Part I : Preface to the War
There many events that led to civil war, however many attempts were made to unite the country that were not successful but showed how passionate each side was to achieve their goals.
The first was the Missouri Compromise which established to keep an equal balance of power in congress. First, they divided the free state of Massachusetts into two states, Maine and Massachusetts and admitted Missouri as a slave state. It also established that all undeveloped territories the Louisiana Purchase admitted in the future that were below the 36° 30° line would be admitted as a slave state and any state above the 36° 30° line would be admitted as a free state.
The next event that added to the rising tensions was the Mexican Cession. The war between Mexico and the United States had its beginnings with the struggle over who would control Texas. American settlers began to move to territory after the Revolutionary War. The Louisiana Purchase had stretched the western boundaries of the United States farther west than they had ever been. Settlers were drawn west and right next to Louisiana was Texas.
In 1844 the United States annexed Texas and two years later the Mexican-American War began. The United States won the war and under the Treaty of Guadalupe Hidalgo,. Mexico agreed to give up about 55 percent of its territory and got $15 million in return. The territory they gave was California, Nevada, Utah, and parts of Arizona, New Mexico, Colorado, and Wyoming.
The Compromise of 1850 abolished the slave trade in the District of Columbia but bound Congress to create became the Fugitive Slave Law. The Compromise of 1850 also admitted California as a free state and separately organized the territories of Utah and New Mexico without restrictions on slavery. Northerners were disliked the Compromise of 1850 because it contained the Fugitive Slave Law which forced them to enable slavery to continue.
The next attempt to solve the issue of slavery was introduced by Stephen Douglas; he proposed the Kansas-Nebraska Act. Douglas proposed to divide the Nebraska territory into two territories; Kansas and Nebraska. In these territories the issue of slavery would be decided by popular sovereignty however according to the Missouri Compromise the Nebraska territory as a free territory. This upset the who were opposed to slavery because again, they would be forced to give slavery a chance to spread.
The Kansas-Nebraska Act was passed, and the states then moved on to hold a general election for the citizens of the territory so that the issue of slavery could be decided by the popular vote. In Kansas the election was carried out illegally, causing it to be admitted as a slave state. People from Missouri traveled into Kansas and voted illegally in the election.

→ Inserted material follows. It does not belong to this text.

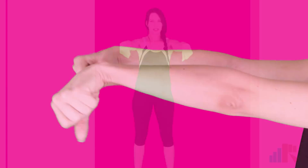Nice big circles to the right. Twist it to the right. Keep those arms straight.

Thus, a pro-slavery government was established that banned anti-slavery newspapers, press and religion. This angered those who lived in Kansas because it violated their first amendment rights and they formed yet another government in Kansas. The Free State Party formed an anti-slavery government which caused havoc in the state, because there were now two governments competing for power.
In May of 1856 a pro-slavery mob attacked the anti-slavery government headquarters in Lawrence. They destroyed the Free State Hotel, press and the library. In response to this John Brown led an anti-slavery group to Pottawatomie where they brutally murdered five people. This was referred to as the Pottawatomie massacre and sparked the use of the term ‘Bleeding Kansas.’

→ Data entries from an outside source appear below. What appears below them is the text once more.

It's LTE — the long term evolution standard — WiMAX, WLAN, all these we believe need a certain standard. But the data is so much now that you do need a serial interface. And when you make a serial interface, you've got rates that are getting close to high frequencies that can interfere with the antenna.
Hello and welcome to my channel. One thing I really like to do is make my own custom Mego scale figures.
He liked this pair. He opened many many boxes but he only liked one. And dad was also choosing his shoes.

Then came a clash in the senate. Senator Charles Sumner, a Massachusetts antislavery Republican, addressed the Senate on the explosive issue of whether Kansas should be admitted to the Union as a slave state or a free state. In his “Crime Against Kansas” speech, Sumner identified two Democratic senators as the principal culprits in this crime, Stephen Douglas of Illinois and Andrew Butler of South Carolina. He verbally reprimanded Stephen Douglas and also gave a stronger verbal beating to Andrew Butler, who was not present. Mocking the South Carolina senator’s stance as a man of chivalry, the Massachusetts senator charged him with taking “a mistress . . . who, though ugly to others, is always lovely to him; though polluted in the sight of the world, is chaste in his sight, I mean,” added Sumner, “the harlot, Slavery.”
Representative Preston Brooks was present for Sumner’s speech and shortly after Senate adjourned, found Sumner mailing his speech and attacked him with his cane. He beat Sumner so severely that he didn’t recover for years.
The last event that took place that prompted the succession of Southern states was the election of 1860, which Lincoln won. Knowing the Lincoln was in opposition of slavery the South decided that because they had joined the Union as a state, they could leave the leave the Union as a state. This proved to be a challenge for Lincoln, however he made it his goal to simply preserve the Union, in order to do this he would have to battle to preserve his own country.
Although many attempts were made to ease the tensions between the North and South they often backfired and divided the nation even further. Combined with the fact that the country was already in turmoil, these few acts only added to the tension in the United States and with the election of 1860, paved the road to a civil war.